En résumé, si l'on parle de réécriture, n'oublions pas de préciser la cadence de production et l'importance du public des destinataires. D'un côté (circuit habituel) la réécriture a très peu d'intérêt et peut être remplacée avantageusement par des interventions pédagogiques plus classiques, de l'autre (circuit court et bref) elle devient indispensable pour des raisons matérielles (la cadence de production) et d'atteintes d'objectifs précis (prendre appui sur la production d'écrits pour penser ce que l'on vit).CONCLUSION

Le débat sur la réécriture est bien souvent faussé. Faussé parce que tronqué des conditions dans lesquelles on l'utilise. Les critiques tirent sur l'acte lui-même tout en taisant le contexte de mise en place.
La réécriture s'inscrit dans ce que l'AFL travaille, par ailleurs, depuis longtemps. Elle n'est qu'une facette, trop vite montée en épingle, d'un dispositif global dont l'apprenant profite et sur lequel il pèse. Ce dispositif, nous connaissons les difficultés à le mettre réellement en oeuvre. Exploration de son statut, confrontations, théorisation de ce qui se vit, prennent appui sur l'existence d'une situation de production non-factice. Le groupe doit produire et ce faisant la nécessité de comprendre et de construire ses propres savoirs devient impérieuse. Tout débat sur la réécriture qui ne prendrait pas en compte ces conditions qui l'ont vu naître ne "mérite ni égards, ni patience". 
Au service d'une pédagogie classique, la réécriture est discutable. Au creux de la mise en place d'une politique globale de lecture elle a une toute autre allure. Une fois les papiers éclaircis sur le cadre général, il n'en reste pas moins vrai que les difficultés propres à la maîtrise de l'écriture par les formateurs, ainsi que le volet "Analyse des Ecarts" sont des chantiers où presque tout reste à découvrir, où nous nous sentons bien petits... 
Petits... mais teigneux...                                     

Robert CARON 

Ecrire est un ouvrage que les enfants accomplissent avec un sérieux et une patience qui m'édifient. - Tout à coup, ce petit maniaque de la vitesse et d'engins à roues freine férocement, coupe sa sirène d'alarme, se gare devant une carte postale et s'enfonce jusqu'aux oreilles dans le blanc à remplir.
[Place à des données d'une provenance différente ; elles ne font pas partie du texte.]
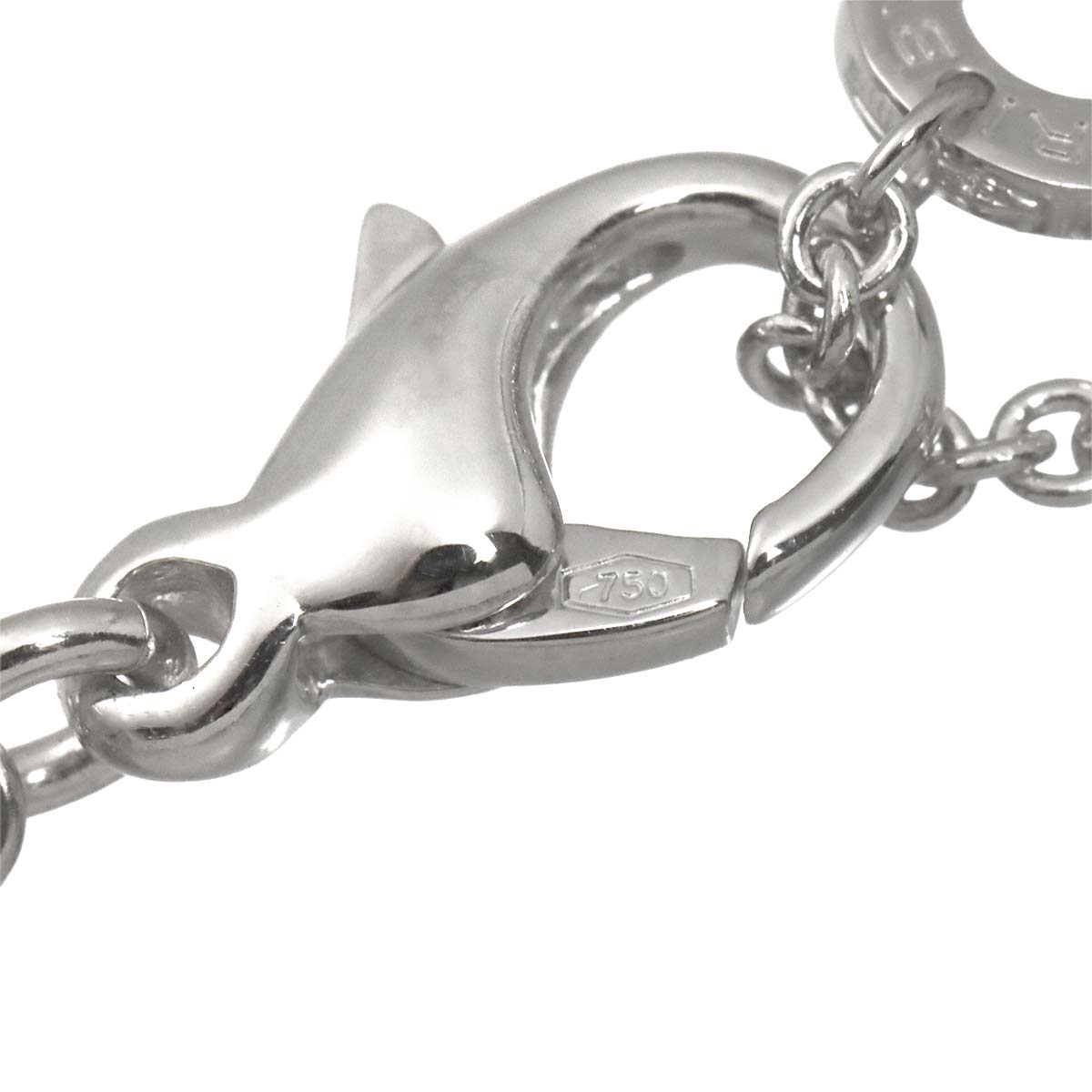 Cicladi Diamond Necklace 18K White Gold 750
Mal luné et barbu tel Socrate méditant sur l'amour, il écrit à mémé. Vingt minutes après, on lit ce mystérieux message, tracé au manche de pelle dans un large carré de ciment frais :

cheR Grand mer je Vait bien jEté a la pIciNne je Mange Bient. 
JE TanBrasSe biet ForT.
                                 
Le matin, par mes fenêtres, je vois les enfants qui se rendent à l'école. A la même heure, je suis déjà assis devant mes cahiers, mes livres, mon encre. J'ai des crayons, une gomme, des ciseaux, une règle, maintes grammaires, un tableau noir et des craies de couleur : je joue tout seul et un peu tristement à être bon écolier. Mes phrases ont pourtant moins de magie que les lentes écritures des garçonnets qui copient des modèles à jamais lourds de sens : "Le chat est sur le buffet". Mais il y a peu de création dans la création, et je copie moi aussi, même si les modèles ne sont plus sous mes yeux. Tout écrivain reste un enfant voleur.
 
                                       Tony DUVERT 
                                   Abécédaire Malveillant.
 

(1) dans le Calvados, lieu des premières classes-lecture avant la création du Centre National des Classes-lecture à Bessèges.

N.B : L'ensemble des textes cités dans cet article ont été produits lors d'un stage à l'IMPRO de Palaiseau.